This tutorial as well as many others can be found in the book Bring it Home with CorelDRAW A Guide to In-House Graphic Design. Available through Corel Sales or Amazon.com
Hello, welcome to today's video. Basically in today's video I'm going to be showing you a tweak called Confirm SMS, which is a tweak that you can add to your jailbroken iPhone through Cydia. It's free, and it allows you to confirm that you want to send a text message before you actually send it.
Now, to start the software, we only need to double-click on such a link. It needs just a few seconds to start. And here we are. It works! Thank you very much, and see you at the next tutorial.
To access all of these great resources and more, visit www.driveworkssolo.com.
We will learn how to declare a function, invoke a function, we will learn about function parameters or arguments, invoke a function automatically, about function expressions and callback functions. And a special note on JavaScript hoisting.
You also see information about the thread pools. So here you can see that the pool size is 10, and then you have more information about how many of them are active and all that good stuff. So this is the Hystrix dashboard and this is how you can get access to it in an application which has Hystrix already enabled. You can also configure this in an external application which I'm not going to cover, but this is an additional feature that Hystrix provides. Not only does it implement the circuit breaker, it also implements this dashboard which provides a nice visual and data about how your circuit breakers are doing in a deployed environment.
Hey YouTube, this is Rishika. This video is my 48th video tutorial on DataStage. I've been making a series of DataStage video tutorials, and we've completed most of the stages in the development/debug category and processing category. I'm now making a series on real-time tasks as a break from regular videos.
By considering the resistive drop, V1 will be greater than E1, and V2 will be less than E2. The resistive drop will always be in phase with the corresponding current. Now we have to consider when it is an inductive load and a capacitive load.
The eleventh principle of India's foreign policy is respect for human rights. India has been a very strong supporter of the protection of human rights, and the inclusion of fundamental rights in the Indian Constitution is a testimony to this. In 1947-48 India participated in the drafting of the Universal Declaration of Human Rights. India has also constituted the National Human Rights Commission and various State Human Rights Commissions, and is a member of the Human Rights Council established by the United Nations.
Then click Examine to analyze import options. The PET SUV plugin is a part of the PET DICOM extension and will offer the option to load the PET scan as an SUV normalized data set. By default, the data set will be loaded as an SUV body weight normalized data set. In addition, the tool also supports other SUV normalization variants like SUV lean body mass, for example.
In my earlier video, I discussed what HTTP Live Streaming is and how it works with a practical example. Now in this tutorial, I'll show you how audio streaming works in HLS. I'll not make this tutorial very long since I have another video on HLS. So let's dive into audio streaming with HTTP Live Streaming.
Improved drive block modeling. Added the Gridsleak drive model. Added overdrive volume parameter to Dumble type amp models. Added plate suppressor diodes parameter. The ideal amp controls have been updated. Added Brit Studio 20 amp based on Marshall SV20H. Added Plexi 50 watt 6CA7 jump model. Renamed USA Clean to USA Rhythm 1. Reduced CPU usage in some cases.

══════

# [Task description]
Print each record again. Nothing may be left out.

# [Expected answer]
This tutorial as well as many others can be found in the book Bring it Home with CorelDRAW A Guide to In-House Graphic Design. Available through Corel Sales or Amazon.com
Hello, welcome to today's video. Basically in today's video I'm going to be showing you a tweak called Confirm SMS, which is a tweak that you can add to your jailbroken iPhone through Cydia. It's free, and it allows you to confirm that you want to send a text message before you actually send it.
Now, to start the software, we only need to double-click on such a link. It needs just a few seconds to start. And here we are. It works! Thank you very much, and see you at the next tutorial.
To access all of these great resources and more, visit www.driveworkssolo.com.
We will learn how to declare a function, invoke a function, we will learn about function parameters or arguments, invoke a function automatically, about function expressions and callback functions. And a special note on JavaScript hoisting.
You also see information about the thread pools. So here you can see that the pool size is 10, and then you have more information about how many of them are active and all that good stuff. So this is the Hystrix dashboard and this is how you can get access to it in an application which has Hystrix already enabled. You can also configure this in an external application which I'm not going to cover, but this is an additional feature that Hystrix provides. Not only does it implement the circuit breaker, it also implements this dashboard which provides a nice visual and data about how your circuit breakers are doing in a deployed environment.
Hey YouTube, this is Rishika. This video is my 48th video tutorial on DataStage. I've been making a series of DataStage video tutorials, and we've completed most of the stages in the development/debug category and processing category. I'm now making a series on real-time tasks as a break from regular videos.
By considering the resistive drop, V1 will be greater than E1, and V2 will be less than E2. The resistive drop will always be in phase with the corresponding current. Now we have to consider when it is an inductive load and a capacitive load.
The eleventh principle of India's foreign policy is respect for human rights. India has been a very strong supporter of the protection of human rights, and the inclusion of fundamental rights in the Indian Constitution is a testimony to this. In 1947-48 India participated in the drafting of the Universal Declaration of Human Rights. India has also constituted the National Human Rights Commission and various State Human Rights Commissions, and is a member of the Human Rights Council established by the United Nations.
Then click Examine to analyze import options. The PET SUV plugin is a part of the PET DICOM extension and will offer the option to load the PET scan as an SUV normalized data set. By default, the data set will be loaded as an SUV body weight normalized data set. In addition, the tool also supports other SUV normalization variants like SUV lean body mass, for example.
In my earlier video, I discussed what HTTP Live Streaming is and how it works with a practical example. Now in this tutorial, I'll show you how audio streaming works in HLS. I'll not make this tutorial very long since I have another video on HLS. So let's dive into audio streaming with HTTP Live Streaming.
Improved drive block modeling. Added the Gridsleak drive model. Added overdrive volume parameter to Dumble type amp models. Added plate suppressor diodes parameter. The ideal amp controls have been updated. Added Brit Studio 20 amp based on Marshall SV20H. Added Plexi 50 watt 6CA7 jump model. Renamed USA Clean to USA Rhythm 1. Reduced CPU usage in some cases.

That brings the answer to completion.